Тревога не была напрасной: стоило поволноваться, сделать резкое движение — и тупая боль охватывала грудь. А порой казалось, что в сердце впиваются иголки.

Надо думать о воде, о свете, о машинах, о застрявшем где-то оборудовании и продуктах. У каждого человека своя забота, своё дело, а он директор и должен заботиться обо всём, обо всех делах.

Перед домами зеленели молодые деревца. За ними ухаживали: поливали, рыхлили землю, обносили заборчиками. Но пресной воды не хватает. Буровое оборудование, обещанное областными организациями, ещё не прибыло. Надо писать письма в Иртыш, отношения в Павлодар, слать телеграммы, просить, заклинать, грозить.
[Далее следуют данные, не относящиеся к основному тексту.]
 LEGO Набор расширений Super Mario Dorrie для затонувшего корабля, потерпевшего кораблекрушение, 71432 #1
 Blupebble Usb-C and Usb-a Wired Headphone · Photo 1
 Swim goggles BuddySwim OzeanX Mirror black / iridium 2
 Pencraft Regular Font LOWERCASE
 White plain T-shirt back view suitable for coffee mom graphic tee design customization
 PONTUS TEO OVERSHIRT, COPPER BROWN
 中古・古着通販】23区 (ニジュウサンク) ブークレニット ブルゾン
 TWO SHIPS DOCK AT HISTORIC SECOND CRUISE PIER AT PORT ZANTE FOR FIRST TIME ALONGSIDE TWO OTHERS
Перед мастерской стояли запылённые, грязные тракторы и машины, ожидая осмотра и регулировки. Днём и ночью гудела мастерская — жатва не за горами. Надо ухаживать за посевами, готовиться к уборке, доставать стройматериалы. Имангулов клянёт снабженцев, а Соловьёву приходится выяснять, в чём дело.

Однажды приехал Мухтаров.

— Был у ваших соседей, в «Жане турмысе». Решил заодно и вас навестить. Хочу посмотреть клуб.

— Да он ещё не готов, — ответил Соловьёв, — достраиваем.

— Всё равно надо посмотреть.

Клуб возводили силами комсомольцев, которые приходили на стройку после работы и оставались здесь до темноты. Но в последнее время Соловьёв перебросил строителей на хозяйственные и жилые объекты. Нужны навесы на токах, ссыпные пункты, кладовые, школа, амбулатория. Поэтому отделочные работы в клубе были приостановлены.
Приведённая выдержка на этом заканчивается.